I’ve just finished reading Tamar Adler’s An Everlasting Meal, and it makes me want to cook again. The way she describes the process of building a meal is singularly poetic but never less than utterly exact. Ingredients that would otherwise be cast aside or despaired at are coaxed, loosened, encouraged, and otherwise brought along to their perfection.
If the cook should coax imperfectly, she offers solutions for every pedestrian wrong turn short of burnt garlic. Over-salted pasta can become the filling for a pasta frittata, and over-boiled eggs are destined for an egg salad.

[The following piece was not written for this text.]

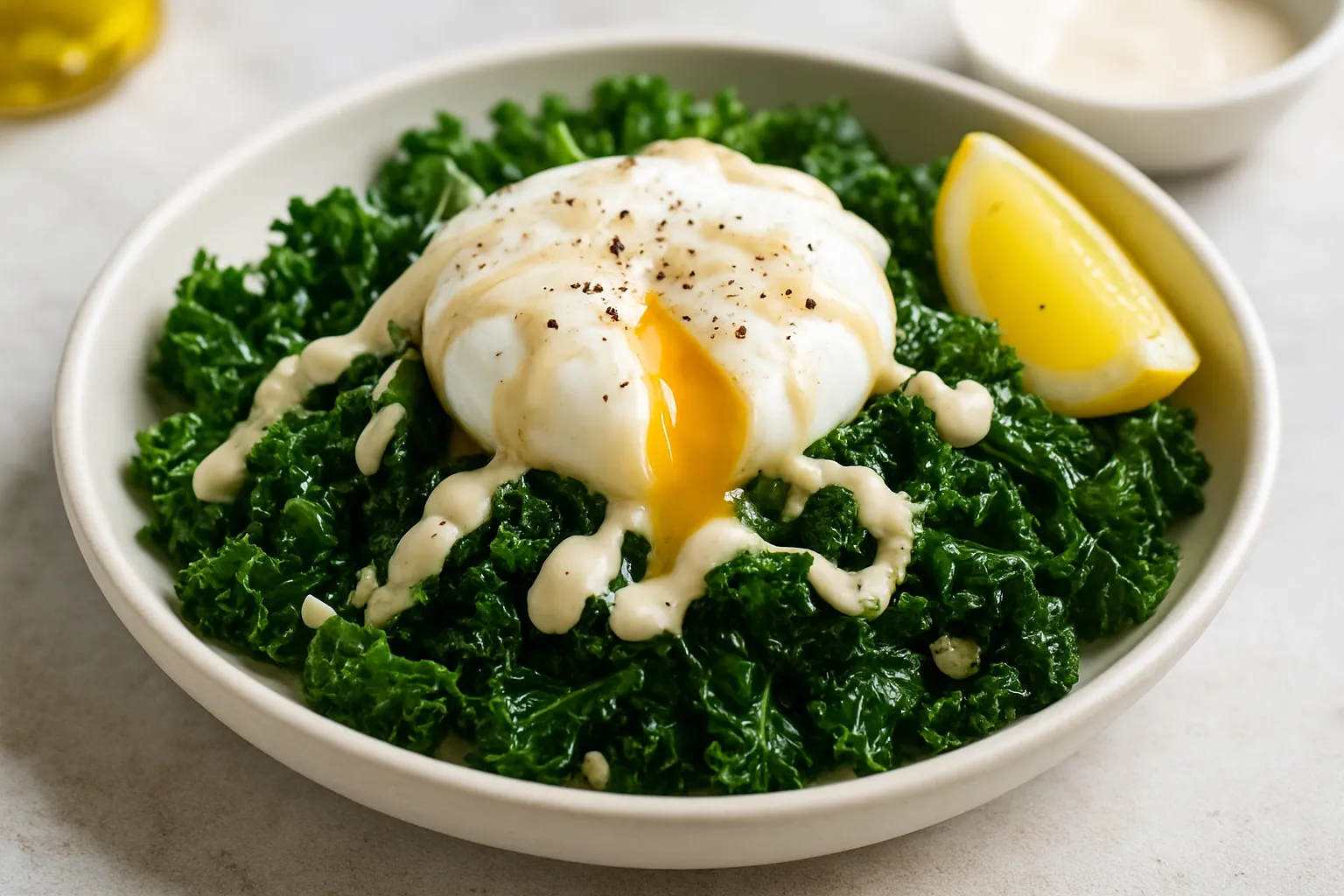 Sautéed Kale & Poached Egg Bowl with Tahini Drizzle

But although she embraces thrifty cooking, local and humane eating, and classic peasant dishes, this book is about much more than cooking from the garden, eating in season, and smugly grounding one’s moral superiority in one’s manner of breaking bread. And although Adler helps her amateur cook through workaday bungles and suggests that she take this to work, or cook that immediately upon stepping off the subway and into the apartment, this book is about much more than making fast fixes and quick meals.
This is a book about competence, control, and flexibility in the kitchen, but it is also a book about living humanely and responsibly, with a lavish frugality. Adler begins with the hungry reader. “Instead of trying to figure out what to do about dinner,” she suggests, “put a big pot of water on the stove, light the burner under it, and only when it’s on its way to getting good and hot start looking for things to put in it.” From this beginning, we wend from one meal to the next, “ingredients…toppl[ing] into one another like dominos,” borne through the everlasting meal by her stories of past meals, cultural observations, and (always my favorite) etymological illuminations.

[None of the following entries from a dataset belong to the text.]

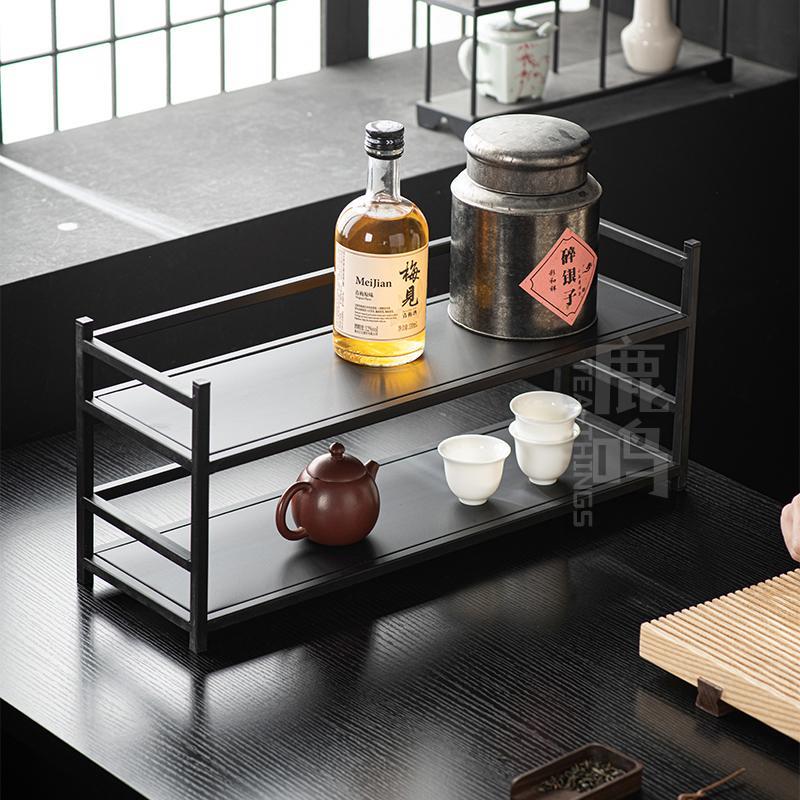 铁艺桌面置物架茶道茶棚黑色博古架茶具收纳展示架茶室茶具柜侘寂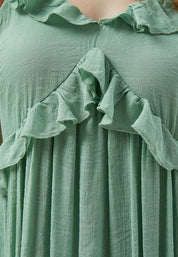 Desires Dicte Strap Ruffle Maxi Dress Kjoler 3006 Lichen Mint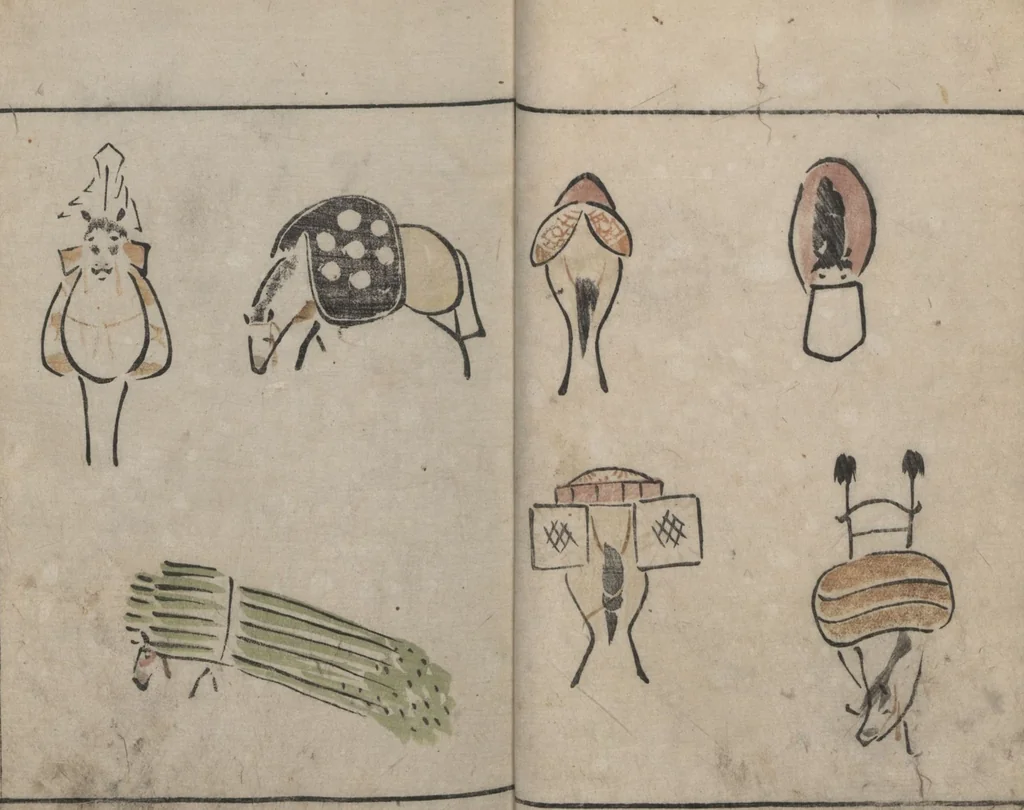 An illustration from Abbreviated Drawing Styles for Birds and Animals (Chōjū ryakuga shiki 鳥獣略画式), 1797, leaf 6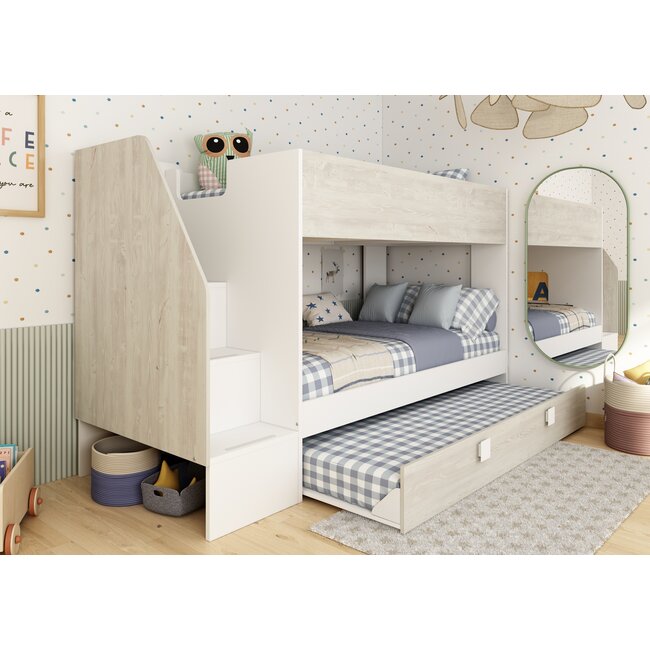 Trasman Stapelbed Easy grijs eiken met slaaplade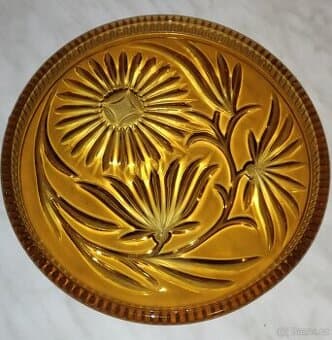 Krásný podnos tác lisované sklo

After Chapter One, How to Boil Water, we learn How to Teach an Egg to Fly (the answer I found in that set of 16 pages: make shakshouka), How to Make Peace (rice, grits, and other grains, that’s how), and How to Build A Ship, which is about how to fall in love with cooking all over again (or, for some, for the first time).
This is neither a lyrical meditation on the practice of cookery that manages to be thoroughly practical, or a De Re Culinaria that happened to soar above itself, but a graceful and elegant interweaving of the two types. It has already changed the way I cook.